Beholding the Unknown

By Noelani Kirschner | December 4, 2017
Zephyr (above), 2016, mixed media works on paper, 51 x 51 inches; Jacob’s Valley (below), 2016, mixed media works on paper, 27 1/2 x 72 inches
Zephyr (above), 2016, mixed media works on paper, 51 x 51 inches; Jacob’s Valley (below), 2016, mixed media works on paper, 27 1/2 x 72 inches

Oregonian Braeden Cox grew up around abstract painting in her father’s artist studio and counts her father’s tutelage as formative in her career. With a dual degree in fine art and digital art from the University of Oregon, Cox gravitates toward mixed media representations of imaginary scenes of her native state. Here, she discusses her art historical inspirations, a profound sense of intangible ennui, and what it’s like to be a woman artist in a man’s world.


“My work is influenced by the German Romantic and Expressionist movements. When I was getting my degree at the University of Oregon, I had to take an art history class. The one that was offered at the time talked about German Romantic painting, and I was enamored by it. I was attracted to the idea that Romantic painters didn’t just paint landscapes but what they felt when they saw the landscapes.

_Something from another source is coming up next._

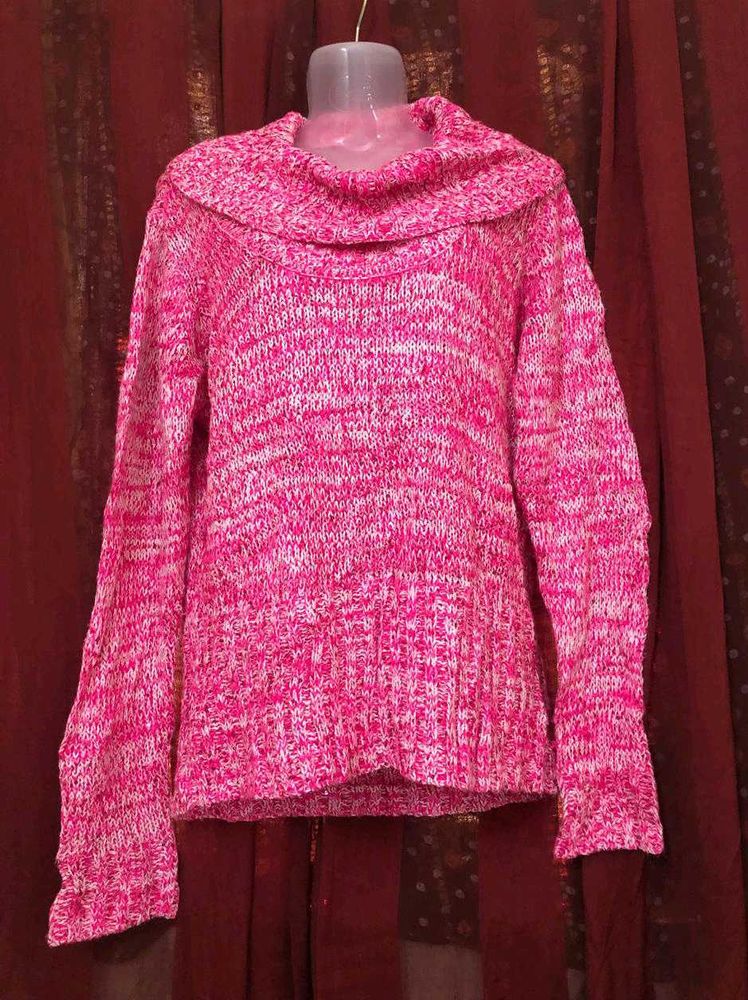 L.e.i. Rose Pink High Neck Top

I remember looking at the work of Caspar David Friedrich and thinking, ‘He is able to show so much emotion and weight through his color choices.’

I call my paintings abstract landscape. Most of them have a horizon line, which the viewer can usually decipher: there’s the plane and there’s the sky. Jacob’s Valley and Zephyr are about being in a place where you feel like you’ve been there before but haven’t. I have these bizarre feelings about never having been to the places that I dream about but wanting to go so badly. With Jacob’s Valley, I tried to do a panorama, like in some movies where the camera pans and you see the landscape in a grand world. I wanted the viewer to feel like you could wrap a painting around yourself because it’s so big.

Jacob's Valley

Oregon is a heavy influence in my art, even when I don’t think it is. I’m drawn to earthy browns and greens because they’re homey to me. That’s also why I love the Romantic landscapes, because those skies are familiar to the Pacific Northwest. But a lot of the impetus for my work comes from wanting to paint something desolate but calming at the same time. It’s pure imagination—all kinds of worlds I build on—that drives me to paint stories that I’ve made up.

In the past few months, I’ve been looking at Renaissance paintings. One of the artists that I want to read more about is Artemisia Gentileschi—especially as I’m trying to understand the art world as a female artist. I read somewhere that the majority of her paintings feature women as the protagonist, which is awesome. Feminism in art was not something I studied much in school or knew a lot about—I’m still not an expert on it. But I’m trying to piece these things together myself—about going through the motions of being in the art world, seeing paintings that I adore from history (which are inevitably painted by men), and then seeing how women are underrepresented in galleries and museums. And it’s interesting because I use my emotions when I paint my works, so there’s a feminine hand in it. But over the past year, I’ve been thinking about my role in the art world on a whole new level. It’s exciting, because I’m at the start of something that’s so much bigger than me. I can’t wait to see how this is going to change my work.”